Maybe we should choose life

For the first time in a decade, a jury recently recommended the death penalty for a citizen of Shelby County.

He was a man found guilty of the shooting death of his 11-year-old cousin.

It certainly seems to be the ultimate penalty for the ultimate crime.

However, I can’t help but wonder what our society gains in killing someone.

If murder is wrong for an individual, it seems that it is also wrong for the state.

Although we can all understand an individual’s desire for revenge, revenge does not seem like a reasonable goal for our government.

So what are the goals of the state in doling out punishment for crime? I see it as primarily two-fold. One seems to be to provide deterrents to engaging in criminal activity while another is to provide safe communities by removing those likely to engage in dangerous antisocial behavior from the rest of us.

Studies found on The Death Penalty Information Center website indicate that having the death penalty is not a deterrent to murder.

In fact, regions of the country in which there is the death penalty have a higher murder rate than those without the death penalty. When you think about the bizarre, highly charged situations in which most murders occur it’s easy to see that people wouldn’t be in a state of mind to stop and consider the consequences, no matter what they might be, before they act.

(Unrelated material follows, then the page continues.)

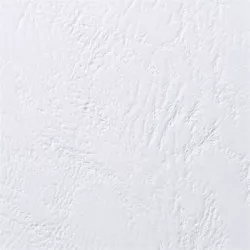 Hátlap, A4, 250 g, bőr mintázat, GBC "LeatherGrain", fehér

While taking someone’s life certainly removes him or her from society, this final solution allows no margin for error.

According to a report of the House Judiciary on Civil & Constitutional Rights, since 1973 more than 130 people on death row have been released due to their innocence. And the rate of exonerations appears to be increasing.

Since you can’t bring someone back to life, given that we make mistakes, life in prison without the possibility of parole seems to be a much more reasonable alternative for keeping those accused of the most heinous crimes away from society.

In fact, several studies, including a report issued by the California Commission on the Fair Administration of Justice, indicate that it is significantly cheaper to keep someone in prison for life than to go through the judicial process required to get the death penalty.

Something to think about as we send our first Shelby County resident in a decade to death row.

Kimberly Barrett is the vice president for student affairs at the University of Montevallo.